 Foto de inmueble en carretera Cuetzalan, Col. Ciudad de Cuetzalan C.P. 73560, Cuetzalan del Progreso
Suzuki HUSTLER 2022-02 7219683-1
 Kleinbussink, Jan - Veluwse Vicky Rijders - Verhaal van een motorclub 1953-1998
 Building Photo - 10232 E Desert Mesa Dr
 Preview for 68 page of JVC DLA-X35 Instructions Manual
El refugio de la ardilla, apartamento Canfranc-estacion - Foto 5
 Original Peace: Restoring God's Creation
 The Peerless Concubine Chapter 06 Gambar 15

+---+

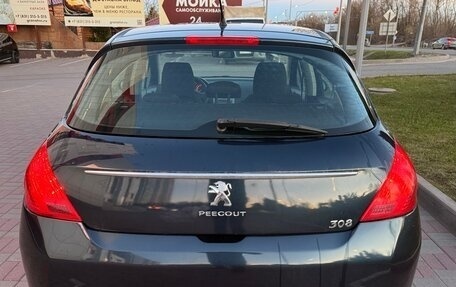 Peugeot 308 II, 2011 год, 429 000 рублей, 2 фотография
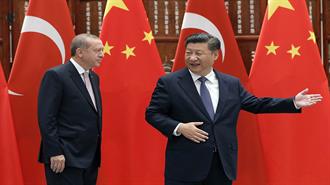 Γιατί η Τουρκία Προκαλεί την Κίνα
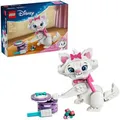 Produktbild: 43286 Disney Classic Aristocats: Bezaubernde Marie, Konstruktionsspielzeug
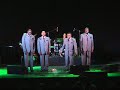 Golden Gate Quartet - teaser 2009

+---+

Your goal: In the data above, start at the line holding "Γιατί η Τουρκία Προκαλεί την Κίνα" and stop after the line holding "Golden Gate Quartet - teaser 2009"; write out those lines exactly, without pictures.

Response:
 Γιατί η Τουρκία Προκαλεί την Κίνα
 Produktbild: 43286 Disney Classic Aristocats: Bezaubernde Marie, Konstruktionsspielzeug
 Golden Gate Quartet - teaser 2009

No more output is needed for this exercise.